• What is required: Lines containing the word "trees" are to be copied from the data below.

• Exercise data:

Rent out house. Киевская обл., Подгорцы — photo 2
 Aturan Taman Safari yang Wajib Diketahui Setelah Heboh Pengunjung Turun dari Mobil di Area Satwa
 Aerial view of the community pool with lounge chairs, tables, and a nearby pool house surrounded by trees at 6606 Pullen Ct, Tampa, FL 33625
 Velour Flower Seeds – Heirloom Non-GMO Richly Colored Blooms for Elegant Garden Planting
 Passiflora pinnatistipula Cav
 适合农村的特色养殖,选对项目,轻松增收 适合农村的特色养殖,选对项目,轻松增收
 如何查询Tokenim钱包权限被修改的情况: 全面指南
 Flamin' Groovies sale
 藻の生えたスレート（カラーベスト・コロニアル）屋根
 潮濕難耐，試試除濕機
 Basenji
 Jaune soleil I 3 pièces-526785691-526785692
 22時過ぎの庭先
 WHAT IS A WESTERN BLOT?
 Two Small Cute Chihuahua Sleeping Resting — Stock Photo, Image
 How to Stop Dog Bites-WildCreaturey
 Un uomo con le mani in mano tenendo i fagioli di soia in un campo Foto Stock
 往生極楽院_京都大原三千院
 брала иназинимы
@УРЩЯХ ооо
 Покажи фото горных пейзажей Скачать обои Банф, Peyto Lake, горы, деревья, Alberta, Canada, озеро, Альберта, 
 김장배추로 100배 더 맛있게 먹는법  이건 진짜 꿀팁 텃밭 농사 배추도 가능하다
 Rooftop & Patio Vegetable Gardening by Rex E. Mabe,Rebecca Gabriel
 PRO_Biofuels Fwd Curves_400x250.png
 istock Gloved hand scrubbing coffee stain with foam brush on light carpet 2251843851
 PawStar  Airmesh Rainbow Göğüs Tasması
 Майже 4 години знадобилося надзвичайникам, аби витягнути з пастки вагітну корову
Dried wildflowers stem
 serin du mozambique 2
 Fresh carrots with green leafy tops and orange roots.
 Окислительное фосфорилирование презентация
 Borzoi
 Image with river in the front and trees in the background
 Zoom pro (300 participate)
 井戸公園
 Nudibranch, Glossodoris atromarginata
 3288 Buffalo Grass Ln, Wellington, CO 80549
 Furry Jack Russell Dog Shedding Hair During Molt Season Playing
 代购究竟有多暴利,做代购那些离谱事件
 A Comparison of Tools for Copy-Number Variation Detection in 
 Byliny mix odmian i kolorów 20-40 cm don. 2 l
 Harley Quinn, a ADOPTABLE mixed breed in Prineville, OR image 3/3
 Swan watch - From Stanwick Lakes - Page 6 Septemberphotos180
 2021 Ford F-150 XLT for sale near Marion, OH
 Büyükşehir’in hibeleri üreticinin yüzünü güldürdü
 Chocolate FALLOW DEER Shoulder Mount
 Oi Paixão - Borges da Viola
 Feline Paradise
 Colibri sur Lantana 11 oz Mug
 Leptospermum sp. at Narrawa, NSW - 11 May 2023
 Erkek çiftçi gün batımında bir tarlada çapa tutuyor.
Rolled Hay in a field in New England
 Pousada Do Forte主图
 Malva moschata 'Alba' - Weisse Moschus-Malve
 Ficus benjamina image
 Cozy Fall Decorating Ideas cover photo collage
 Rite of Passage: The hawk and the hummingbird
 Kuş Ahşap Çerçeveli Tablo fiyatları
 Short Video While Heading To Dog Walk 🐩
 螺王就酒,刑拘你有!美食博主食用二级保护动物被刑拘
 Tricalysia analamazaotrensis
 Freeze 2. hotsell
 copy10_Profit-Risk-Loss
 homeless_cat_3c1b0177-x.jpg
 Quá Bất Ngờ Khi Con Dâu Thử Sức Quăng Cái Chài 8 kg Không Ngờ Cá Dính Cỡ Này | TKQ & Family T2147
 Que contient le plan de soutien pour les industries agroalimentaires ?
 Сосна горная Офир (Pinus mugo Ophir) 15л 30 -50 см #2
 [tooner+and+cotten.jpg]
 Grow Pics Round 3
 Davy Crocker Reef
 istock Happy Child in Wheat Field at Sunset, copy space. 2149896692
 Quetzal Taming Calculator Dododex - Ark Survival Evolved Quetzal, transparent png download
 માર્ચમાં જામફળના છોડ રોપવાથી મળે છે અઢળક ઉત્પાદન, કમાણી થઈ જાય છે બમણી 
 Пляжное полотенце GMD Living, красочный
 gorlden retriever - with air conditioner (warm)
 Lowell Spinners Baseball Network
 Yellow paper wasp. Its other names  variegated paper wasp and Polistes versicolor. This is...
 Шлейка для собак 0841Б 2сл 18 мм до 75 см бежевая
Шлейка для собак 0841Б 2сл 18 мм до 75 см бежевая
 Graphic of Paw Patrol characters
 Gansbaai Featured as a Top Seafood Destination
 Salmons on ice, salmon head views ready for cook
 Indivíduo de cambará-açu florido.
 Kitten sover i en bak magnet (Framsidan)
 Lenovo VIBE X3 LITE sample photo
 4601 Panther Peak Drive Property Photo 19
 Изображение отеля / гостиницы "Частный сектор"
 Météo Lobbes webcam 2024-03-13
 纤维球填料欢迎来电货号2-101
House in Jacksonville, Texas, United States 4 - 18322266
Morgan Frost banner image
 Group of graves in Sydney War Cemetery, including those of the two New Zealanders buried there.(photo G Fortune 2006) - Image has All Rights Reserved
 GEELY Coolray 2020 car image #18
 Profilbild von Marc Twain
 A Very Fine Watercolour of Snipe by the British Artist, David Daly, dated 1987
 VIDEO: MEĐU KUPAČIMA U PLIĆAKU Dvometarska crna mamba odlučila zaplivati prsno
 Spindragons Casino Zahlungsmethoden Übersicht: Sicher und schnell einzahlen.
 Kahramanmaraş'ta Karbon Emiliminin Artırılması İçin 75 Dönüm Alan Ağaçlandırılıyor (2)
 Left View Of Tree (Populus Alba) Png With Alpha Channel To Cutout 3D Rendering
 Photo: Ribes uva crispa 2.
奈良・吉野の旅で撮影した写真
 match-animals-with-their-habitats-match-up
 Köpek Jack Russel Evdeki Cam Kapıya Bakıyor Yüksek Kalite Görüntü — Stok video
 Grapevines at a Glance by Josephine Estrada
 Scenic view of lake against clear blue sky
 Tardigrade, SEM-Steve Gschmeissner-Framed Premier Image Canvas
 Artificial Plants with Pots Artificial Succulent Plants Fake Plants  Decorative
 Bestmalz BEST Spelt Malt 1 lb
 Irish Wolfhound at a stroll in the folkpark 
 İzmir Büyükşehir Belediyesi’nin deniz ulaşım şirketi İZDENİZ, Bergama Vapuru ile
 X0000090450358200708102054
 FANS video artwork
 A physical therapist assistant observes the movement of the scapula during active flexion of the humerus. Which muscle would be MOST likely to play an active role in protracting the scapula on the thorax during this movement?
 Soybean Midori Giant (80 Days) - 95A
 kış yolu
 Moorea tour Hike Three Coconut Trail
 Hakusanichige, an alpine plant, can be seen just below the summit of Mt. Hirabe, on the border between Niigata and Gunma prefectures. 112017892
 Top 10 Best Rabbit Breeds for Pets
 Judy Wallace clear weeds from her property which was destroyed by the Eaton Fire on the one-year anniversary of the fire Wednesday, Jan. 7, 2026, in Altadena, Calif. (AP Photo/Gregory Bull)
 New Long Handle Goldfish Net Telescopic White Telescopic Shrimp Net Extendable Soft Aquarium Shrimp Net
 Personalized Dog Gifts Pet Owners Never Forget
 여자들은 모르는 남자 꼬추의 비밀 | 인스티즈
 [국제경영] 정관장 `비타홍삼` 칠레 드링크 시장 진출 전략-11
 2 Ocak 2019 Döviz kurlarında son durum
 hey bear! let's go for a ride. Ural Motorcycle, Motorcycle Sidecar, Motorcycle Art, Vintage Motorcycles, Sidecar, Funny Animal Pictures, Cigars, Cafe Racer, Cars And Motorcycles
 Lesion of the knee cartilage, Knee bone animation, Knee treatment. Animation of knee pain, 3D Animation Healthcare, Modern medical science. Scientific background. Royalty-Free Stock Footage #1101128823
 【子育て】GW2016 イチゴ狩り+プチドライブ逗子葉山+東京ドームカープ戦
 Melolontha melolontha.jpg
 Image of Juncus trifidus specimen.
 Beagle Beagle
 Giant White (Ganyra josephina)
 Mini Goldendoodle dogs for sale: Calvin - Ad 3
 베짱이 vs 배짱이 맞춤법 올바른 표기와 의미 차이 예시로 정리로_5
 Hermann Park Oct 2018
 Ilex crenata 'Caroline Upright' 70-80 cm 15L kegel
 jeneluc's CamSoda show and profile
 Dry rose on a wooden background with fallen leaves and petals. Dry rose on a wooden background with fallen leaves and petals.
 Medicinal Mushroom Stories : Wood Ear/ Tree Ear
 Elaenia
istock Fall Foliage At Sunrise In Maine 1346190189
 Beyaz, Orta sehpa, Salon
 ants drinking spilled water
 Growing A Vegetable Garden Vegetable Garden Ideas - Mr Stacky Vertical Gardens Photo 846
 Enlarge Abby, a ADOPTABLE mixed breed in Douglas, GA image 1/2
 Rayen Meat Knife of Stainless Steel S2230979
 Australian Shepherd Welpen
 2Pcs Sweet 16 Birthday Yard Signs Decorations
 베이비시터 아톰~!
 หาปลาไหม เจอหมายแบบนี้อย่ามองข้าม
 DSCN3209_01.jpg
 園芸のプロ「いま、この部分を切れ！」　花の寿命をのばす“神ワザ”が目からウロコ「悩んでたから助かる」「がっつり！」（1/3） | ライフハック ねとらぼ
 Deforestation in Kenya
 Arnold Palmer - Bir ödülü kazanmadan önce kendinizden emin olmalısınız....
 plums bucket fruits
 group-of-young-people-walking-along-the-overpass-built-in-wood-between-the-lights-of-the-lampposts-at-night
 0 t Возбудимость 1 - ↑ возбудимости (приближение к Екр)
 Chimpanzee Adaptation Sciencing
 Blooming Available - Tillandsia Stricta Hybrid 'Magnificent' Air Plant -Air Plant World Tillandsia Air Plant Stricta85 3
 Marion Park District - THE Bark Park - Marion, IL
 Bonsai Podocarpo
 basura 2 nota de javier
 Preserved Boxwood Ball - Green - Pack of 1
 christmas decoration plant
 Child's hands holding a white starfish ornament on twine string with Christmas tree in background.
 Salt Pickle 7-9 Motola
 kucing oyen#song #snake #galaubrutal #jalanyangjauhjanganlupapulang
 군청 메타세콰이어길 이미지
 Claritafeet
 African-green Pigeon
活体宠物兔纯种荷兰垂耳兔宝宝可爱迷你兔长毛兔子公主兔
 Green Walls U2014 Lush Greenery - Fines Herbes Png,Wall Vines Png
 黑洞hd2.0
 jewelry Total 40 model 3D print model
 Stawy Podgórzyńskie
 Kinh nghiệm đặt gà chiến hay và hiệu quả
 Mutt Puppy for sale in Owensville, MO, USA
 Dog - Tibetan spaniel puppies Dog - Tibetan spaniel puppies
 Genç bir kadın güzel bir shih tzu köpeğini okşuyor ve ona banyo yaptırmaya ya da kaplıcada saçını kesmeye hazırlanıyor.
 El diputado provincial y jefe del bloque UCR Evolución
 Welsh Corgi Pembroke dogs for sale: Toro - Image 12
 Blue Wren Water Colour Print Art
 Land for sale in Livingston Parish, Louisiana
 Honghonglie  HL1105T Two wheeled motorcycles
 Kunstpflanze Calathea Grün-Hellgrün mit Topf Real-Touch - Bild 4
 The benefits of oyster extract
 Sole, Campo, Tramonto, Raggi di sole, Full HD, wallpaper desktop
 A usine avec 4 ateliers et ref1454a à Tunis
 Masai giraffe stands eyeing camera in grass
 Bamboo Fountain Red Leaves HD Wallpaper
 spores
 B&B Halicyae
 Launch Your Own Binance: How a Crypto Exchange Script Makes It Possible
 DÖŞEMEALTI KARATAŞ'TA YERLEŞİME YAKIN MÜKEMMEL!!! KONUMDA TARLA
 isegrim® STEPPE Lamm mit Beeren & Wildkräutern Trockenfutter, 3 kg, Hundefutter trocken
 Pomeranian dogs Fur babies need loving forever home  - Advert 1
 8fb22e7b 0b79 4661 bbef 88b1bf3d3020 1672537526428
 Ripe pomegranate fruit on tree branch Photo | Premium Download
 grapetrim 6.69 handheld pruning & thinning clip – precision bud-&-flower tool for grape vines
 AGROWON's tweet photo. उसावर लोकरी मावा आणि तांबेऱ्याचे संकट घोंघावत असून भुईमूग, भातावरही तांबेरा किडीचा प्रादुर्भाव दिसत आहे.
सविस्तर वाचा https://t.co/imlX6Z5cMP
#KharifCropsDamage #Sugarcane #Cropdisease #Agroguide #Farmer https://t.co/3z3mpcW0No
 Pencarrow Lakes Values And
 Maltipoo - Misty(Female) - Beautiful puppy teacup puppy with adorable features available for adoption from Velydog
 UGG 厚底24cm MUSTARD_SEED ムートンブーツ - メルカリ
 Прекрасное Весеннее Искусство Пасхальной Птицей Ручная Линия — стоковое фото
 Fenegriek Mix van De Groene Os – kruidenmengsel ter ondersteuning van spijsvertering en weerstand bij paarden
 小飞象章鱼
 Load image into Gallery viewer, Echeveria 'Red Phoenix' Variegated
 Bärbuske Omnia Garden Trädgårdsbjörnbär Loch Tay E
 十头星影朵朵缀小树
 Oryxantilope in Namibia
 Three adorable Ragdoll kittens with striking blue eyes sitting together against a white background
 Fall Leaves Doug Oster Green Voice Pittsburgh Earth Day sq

• Answer to this task:
 Aerial view of the community pool with lounge chairs, tables, and a nearby pool house surrounded by trees at 6606 Pullen Ct, Tampa, FL 33625
 Image with river in the front and trees in the background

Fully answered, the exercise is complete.